Could Vine reappear, the 6 second video looping application that doubled as a mini factory for some of the most viral and weird Internet memes? Twitter bought the app in 2012 just a few months after its debut, and earlier this year closed Vine and replaced it with a camera application that can only share with Twitter, not Vine's separate feed. But on Wednesday, the co-founder of Vine, Dom Hofmann tweeted a photo with a logo and caption that says "V2", which followed a series of tweets from the previous week on how will work on a follow-up of the vineyard.
In response to Hofmann's announcement, the internet basically did this:
There's a reason why Hofman's V2 tweet was retweeted more than 172,000 times: people want Vine back and it's bad. When the application was officially shut down in January, Vine's followers mourned, sharing their emotional tweetstorms and making a list of their favorite videos made in the app. Many of Vine's most popular stars were not trained artists. They were just people with a smartphone who had something funny, strange or beautiful to share, and over time they turned the form into a medium in itself.
The new Vine, whatever it may be, will not be a subsidiary Twitter, but something financed by Hofmann "as an external project, so it does not interfere with the (quite exciting) work we are doing in the company, that is my first priority. " (That company is a pretty mysterious startup) called Interface.)

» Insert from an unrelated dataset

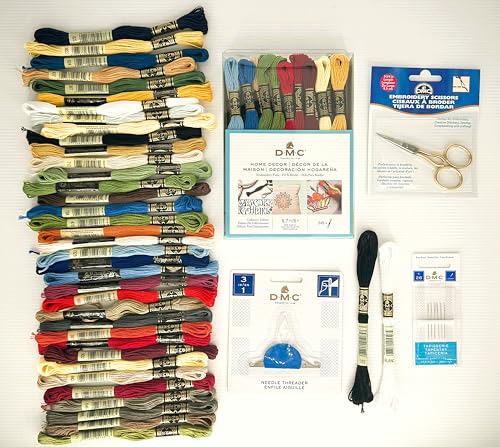 DMC Embroidery Floss Pack, Home Decor, Floss Kit Include 36 Assorted Color Bundle Mouline Cotton White/Black, Tapestry Hand Needles, Embroidery Scissors Needle Threader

But if Vine really comes back and Hofmann hopes to make it sustainable, since, after all, it can not work without at least some engineers and product development personnel, it could want to find a way to make it profitable And that would probably mean selling ads. Since Vine's appeal was his looping videos, which meant that before you realized you'd see the same hilarious clip 10 times, the ads before or after the publication would definitely not work. But they could go on the main or discovery channels of the resurrected Vine, with ads placed between the photos of the users you follow or are looking for. Vine did not have a solid advertising model before it closed and the marketers had left the platform as a place to promote the brand, although there was a small economy for the Vine stars who were paid for product placements and endorsements.
A Vine The resurrection also means an opportunity for a social media platform to obtain its community standards and its application from the beginning. That means being aware of the types of videos that are placed at the top of the highlighted sections of the application, that is. Find a way to exclude Vines that promote white nationalism, sexism or fanaticism. It also means trying to control harassment and cyberbullying, which is not an easy task, especially since the videos are published instantly. Still, having strong community guidelines and a commitment to keeping the platform as a safe and friendly place for diverse users from the start is a better foundation than many technology companies, such as Twitter and Facebook, are working since
. Of course, people in technology are known to inflate ideas before they come to fruition. Remember when the CEO of Tesla and Space X, Elon Musk, said he got " verbal approval from the government " for a New York to D.C. Hyperloop in July? That was news for city officials, the state and the federal government. So, until V2, or whatever Hofman decides to call, is really a thing, do not hold your breath for more than six seconds waiting for it.